#### [Exercise directions]
Write out word for word the lines from the one holding "AUDI RS 6 Avant" through the end of the data, and only those lines. Pictures stay out.

[Provided material Boundary: Start]

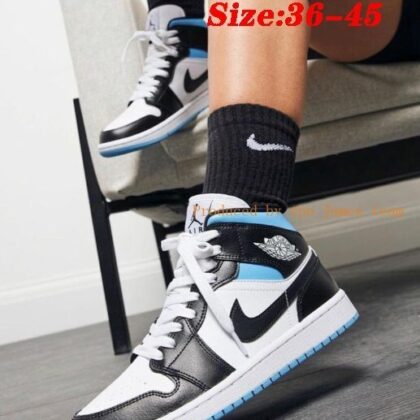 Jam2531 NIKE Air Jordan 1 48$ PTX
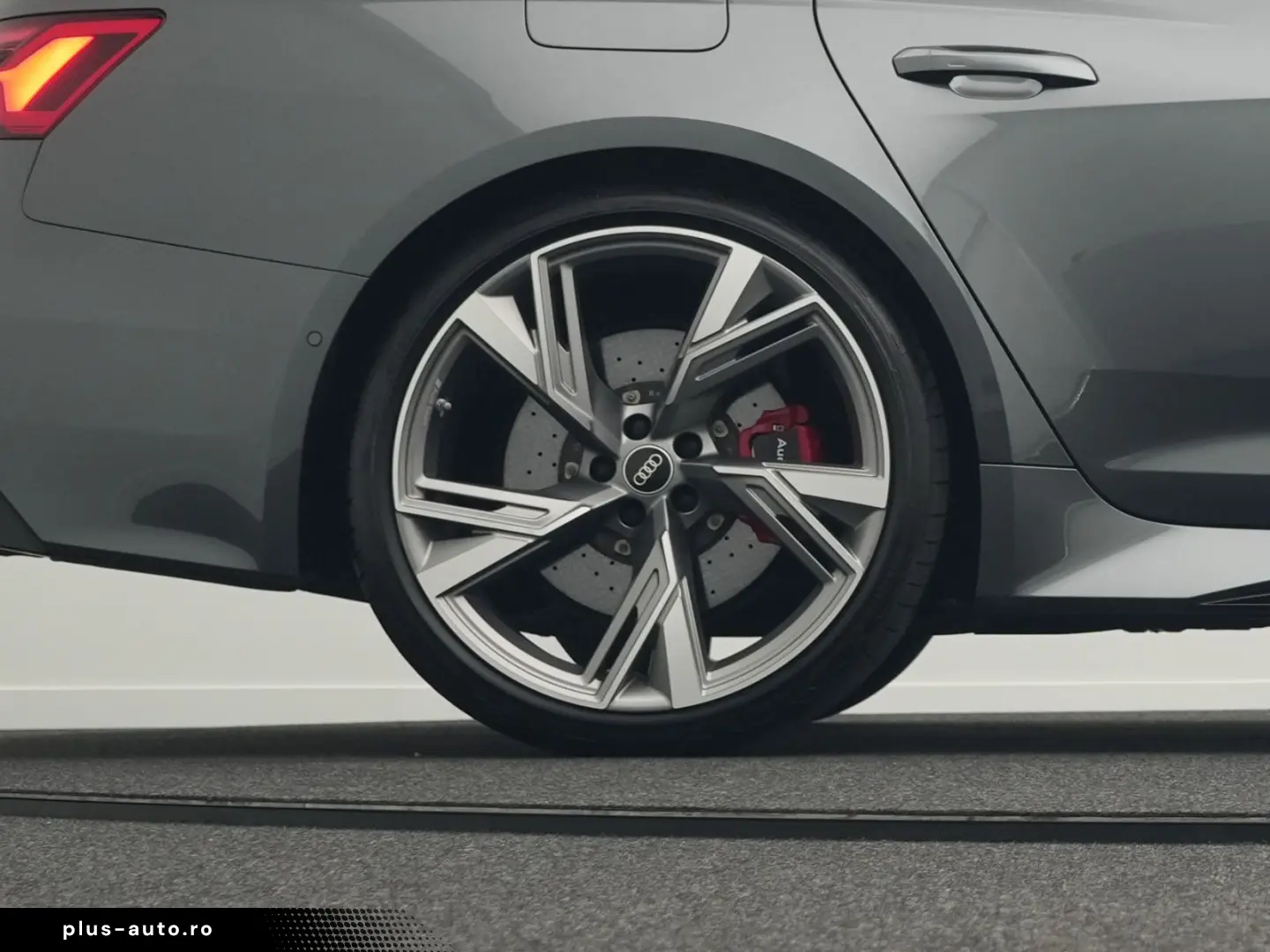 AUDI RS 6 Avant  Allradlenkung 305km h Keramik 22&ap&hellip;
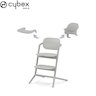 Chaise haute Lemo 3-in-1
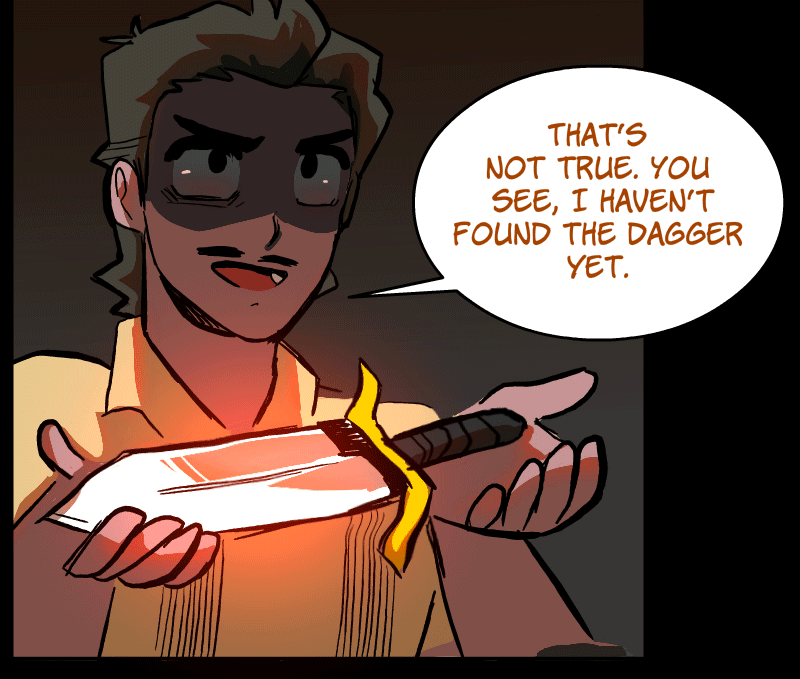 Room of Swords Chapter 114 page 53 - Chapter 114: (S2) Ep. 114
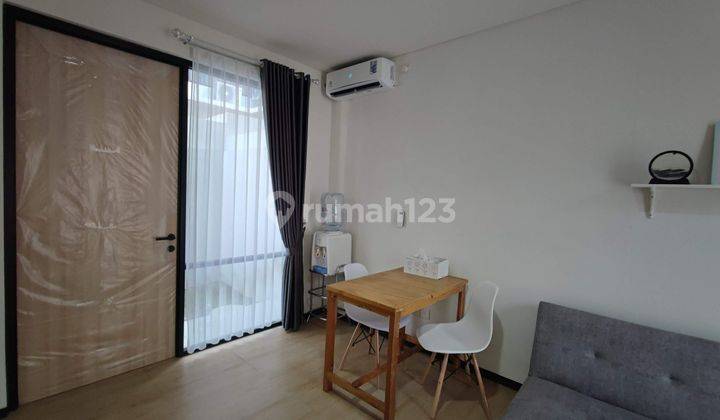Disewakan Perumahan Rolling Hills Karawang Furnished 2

[Provided material Boundary: End]

#### [Final answer]
 AUDI RS 6 Avant  Allradlenkung 305km h Keramik 22&ap&hellip;
 Chaise haute Lemo 3-in-1
 Room of Swords Chapter 114 page 53 - Chapter 114: (S2) Ep. 114
Disewakan Perumahan Rolling Hills Karawang Furnished 2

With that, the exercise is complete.